Even with their present and sizable big data investments, respondents wanted more. Big data analytics still lead the lineup of new research approaches in which the respondents wished they could invest, with predictive markets and behavior economic models falling in second and third, respectively.
Life science market researchers are highly educated and older. Seventy-one percent of respondents had a graduate degree or above, with almost 40% holding PhDs-much more highly educated than market research professionals as a whole across all vertical markets (59% holding graduate degrees and only 6% holding PhD, as reported in a 2015 Quirk’s Corporate Report).
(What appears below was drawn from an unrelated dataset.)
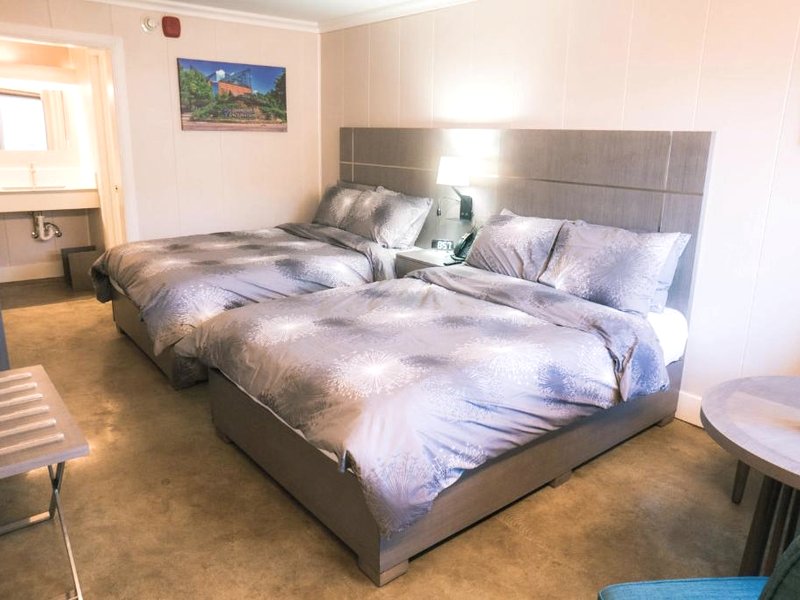 ステイ エクスプレス イン チャタヌーガ (Stay Express Inn Chattanooga)の写真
Ninety-two percent also were older than age 36, and 71% of respondents had 15 or more years of experience in their field. Eighty-four percent were married, and 80% have children.
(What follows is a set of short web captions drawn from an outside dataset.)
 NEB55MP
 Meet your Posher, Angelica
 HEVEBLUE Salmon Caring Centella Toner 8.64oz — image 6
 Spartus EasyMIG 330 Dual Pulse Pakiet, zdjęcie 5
Respondents stay on the job longer than the average market researcher-with 75% staying for three or more years before changing roles within a company, markedly higher than the 49% level for horizontal market research industry, according to Quirk’s report-and 95% saying they typically change companies only after 3-4 years.
In a social media age, sentiment expressed on Twitter is ubiquitous and is becoming an evermore-frequently used information source. However, it’s not where this community seeks input on the market research challenges they’re trying to address. Over 70% of respondents looked to their peers for information on the market research challenges they face, with less than 2% seeking insight from Twitter.
Reaching the right respondents
For more than 60% of Pharm Exec readers in the study, reaching the right physicians is their single-biggest barrier to success. One researcher said shrinking budgets have made it even harder to hire the expertise to ensure only those doctors writing prescriptions for their drug are being targeted.
Getting information fast enough
In two separate open-ended questions, study respondents voiced strong concern about obtaining information fast enough. Obtaining fast data that is also high quality and actionable was another concern, given the traditional toolbox elements of long-term studies, elaborate procurement procedures, and bloated processes that take weeks or months to deliver needed insights.
Overcoming budget issues
Problems of cost overruns and shrinking budgets are endemic to the field-with nearly 40% of respondents listing funding as one of the top three barriers they face to achieving their market research goals. For example, with awareness, trial, and usage (ATU) studies-inevitably a herculean endeavor in time, operational resources, and budget-the initial project cost estimate is only half the picture after those unforeseen questions are folded in. The market has opened up space for more efficient solutions to help address these budget issues.
In a market that’s mercurial-when years of product development and multi-billions of market capitalization can be wiped away in a few hours of an adverse drug trial event-pharma executives need to ensure that the business decisions they make help the company evolve ahead of a changing industry-and not trail behind it. Market insights teams are the first line of defense in that effort, and, fortunately, the latest market research on pharma market research teams reflects a new imperative to change with changing times. By “watching where the smart money is going,” these professionals are poised to better structure the many forms of market research they are called upon to deliver, in ways that achieve their goals while saving time, hassle, and costs.